Sionnach: Gender identity is how people perceive their own gender. My perception of myself is basically intersex, the modern term for hermaphroditism. It’s complicated. I first heard the term genderqueer about ten years ago and liked it because it’s a blanket, nebulous term for someone who doesn’t fit neatly into a male or female gender identity. Gender-fluid, as I understand it, is where someone feels male or female at different times. I feel blended most of the time. My outward expression is usually female because it’s just easier. Maybe I’m cowardly. I don’t know. I pack sometimes, but under skirts or dresses, so nobody knows but me.
Leslie: How did being gender-queer first manifest itself, and how has it affected you at different stages of your life?
Sionnach: As a child, I didn’t like dolls. I played with stuffed or plastic animals. I feel like that was partly because I saw myself as ‘other’. I pretended to be animals, usually male animals, and didn’t like ‘house’ or any of the usual games girls played. I wasn’t a tomboy. I wasn’t athletic or outdoorsy. My friends were soft, nerdy boys, but I often played by myself.
I had a rough time in middle school and high school. I didn’t fit in anywhere. I wasn’t attracted to straight (cis-gender, cis-sexual) boys. I worried that something was wrong with me. I stayed ‘to myself’ most of the time. I hated my body. It felt wrong, and I didn’t know what to do with it.
As a young adult, I continued to have problems with sexuality. I loved lesbians, but I wasn’t sexually attracted to women. I loved gay men, but they weren’t sexually attracted to me. I didn’t like having sex with straight men. It felt wrong. I didn’t understand what was wrong until later.
I had gay friends who would call me a faghag, a term I never liked. I tried to explain to a friend once that I didn’t want to date him, I wanted to be him. He told me to be happy because I could date men and nobody cared. It was the nineties in Texas. He had a point.
In my early twenties, I worked as a stripper and as a dominatrix. As a stripper, I wore high heels and makeup and glitter and so forth, but I always felt like I was playing a role. It was never me. It was something I did to support myself as a single mother in a town where most of the jobs were at chemical plants and required skills I didn’t have. During the day, I often dressed as a boy. I was skinny back then, and even ‘passed’ sometimes. I was always delighted when people thought I was a boy.
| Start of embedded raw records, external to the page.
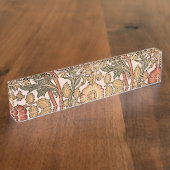 William Morrisピンクのバラの花壁紙パターン デスクネームプレート (側面)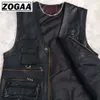 ZOGAA Multi Pocket Vest Men Black Pography Vests Genuine Leather Motorcycle Biker Waistcoat Male Autumn Sleeveless Jacket Men 201127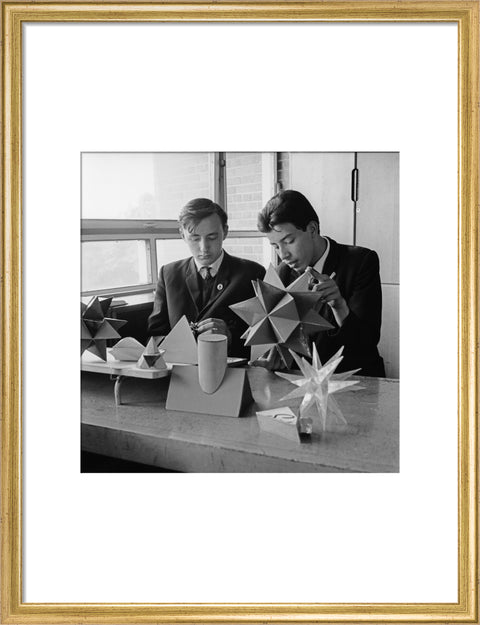 Schoolboys in a technical drawings lesson, Holland Park Comprehensive School
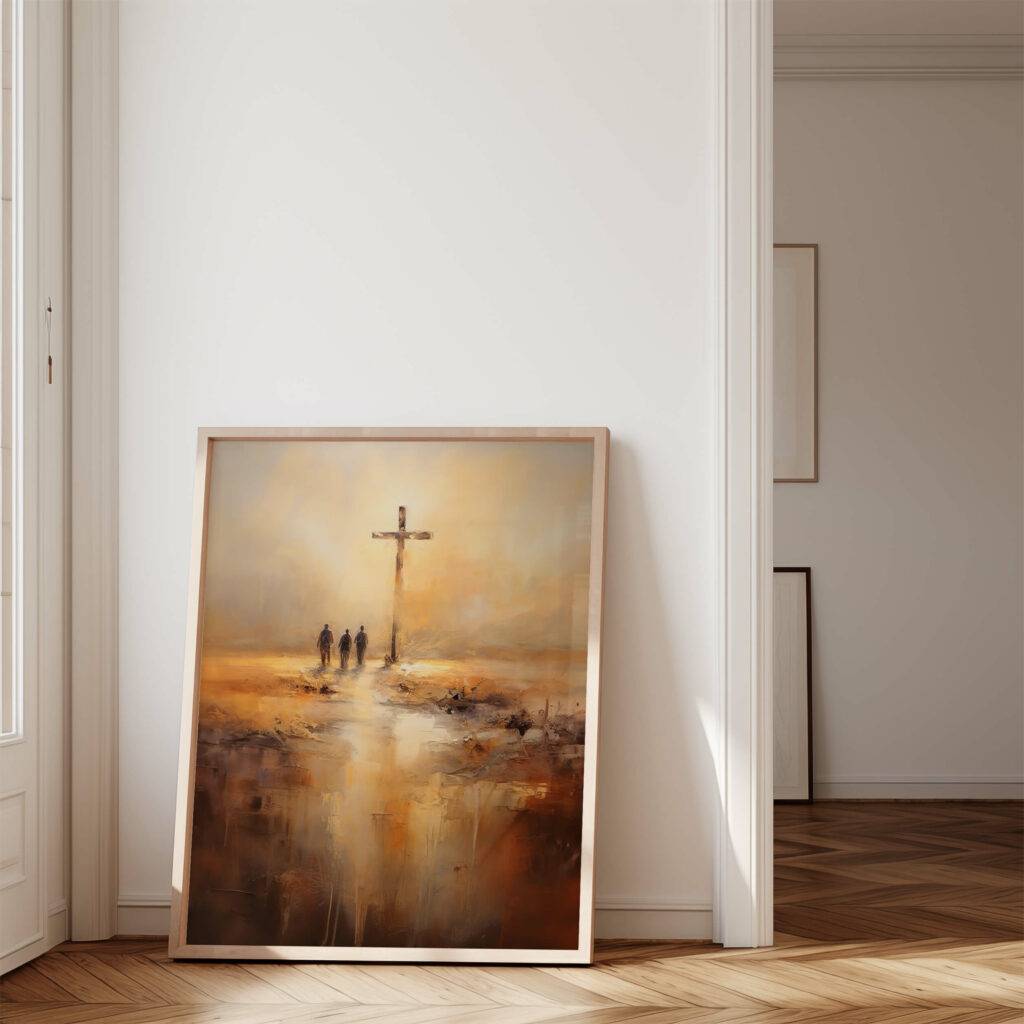 Christianity Cross Wall Art - Oil Painting - Image 2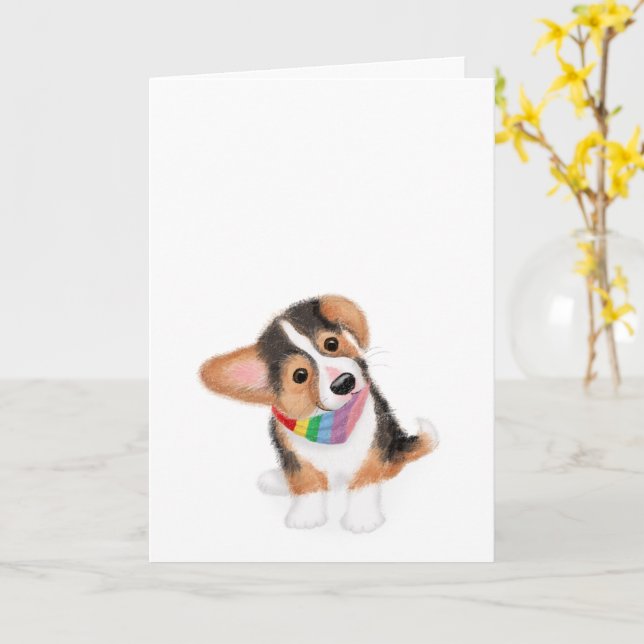 Cute corgi puppy with rainbow bandana blank card (Yellow Flower)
I was terribly lonely, though. I dated straight or bi men and couldn’t make any relationship work for long. I didn’t know what was wrong with me. I didn’t even know about trans males back then. The only trans people I knew were trans women. (Back then, they were called transsexual, a misnomer since trans is about gender identity, not sexuality.)
When I was twenty-six, I met my husband. I knew something was different about him as soon as I met him. I could just tell. Shortly after we got together, he showed me a picture of a strap-on penis to see if I was interested. He hadn’t tried one before, but was intrigued by the idea. I wanted to try it immediately. The first time I put one on, everything clicked. My body finally looked the way I thought it should look, and functioned, more or less, the way I wanted it to function.
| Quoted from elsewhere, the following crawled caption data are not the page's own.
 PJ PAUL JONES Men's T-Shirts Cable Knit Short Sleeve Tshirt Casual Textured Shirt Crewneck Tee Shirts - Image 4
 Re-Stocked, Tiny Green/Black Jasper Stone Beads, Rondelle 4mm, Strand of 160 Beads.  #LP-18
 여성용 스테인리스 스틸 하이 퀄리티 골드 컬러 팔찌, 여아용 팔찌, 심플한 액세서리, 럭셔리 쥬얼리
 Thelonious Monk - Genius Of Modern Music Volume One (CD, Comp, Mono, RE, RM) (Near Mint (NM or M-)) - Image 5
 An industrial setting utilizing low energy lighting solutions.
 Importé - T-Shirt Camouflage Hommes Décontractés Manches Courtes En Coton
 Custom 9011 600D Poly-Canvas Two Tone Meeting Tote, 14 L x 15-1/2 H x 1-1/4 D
There’s a fetish called ‘pegging’ where straight women wear strap-ons and have sex with straight men. I don’t peg. I’m not using a toy. I’m using a prosthetic. This is the way my body is supposed to be.
Leslie: Can you describe, please, the stand-out moments when you experienced prejudice and the times you were lifted and helped to become yourself.
Sionnach: I don’t know that I’ve truly experienced much prejudice. I suppose my feelings have been hurt when people call me a woman, especially after I’ve told them I’m genderqueer, but I look and sound like a woman, so I understand. Most of my queerness is internal and/or private, so people don’t realize I’m different. This is one of the reasons why I feel, and have always felt, very protective of trans men and women. Some of them can’t hide or blend and it’s difficult to explain, but I feel guilty sometimes that I do. I didn’t know that I was a member of the trans community until a few years ago when I went to the Texas capitol to protest the bathroom bill and a trans doctor explained that the trans community consisted of trans men, trans women, and non-binary people. It made me cry, because I realized that I finally belonged to a group.
Leslie: Who are your gender nonconforming heroes? When and how did you discover them, and how have they changed your outlook and feelings?
Sionnach: I always loved David Bowie and Annie Lennox because they played with gender norms. I love Jess Helene Herbst, the mayor of New Hope, Texas. She’s a trans woman. I met her during one of the bathroom bill protests. She’s really brave and wonderful. You’re one of my heroes, Leslie! I saw one of your Twitter ads for Heaven’s Rage and had to buy it. I loved its raw honesty and poetic language. You’re incredibly brave—and a wonderful writer. People don’t see me as I am, so I guess I’m in awe of people who don’t wear a mask in public.
Leslie: There are a number of terms, such as cis-gendered, gender-fluid, non-binary and gender dysphoria that trans people use. There are also issues about pronouns. What do you feel about these terms? Have you experienced them as helpful or problematic, or both?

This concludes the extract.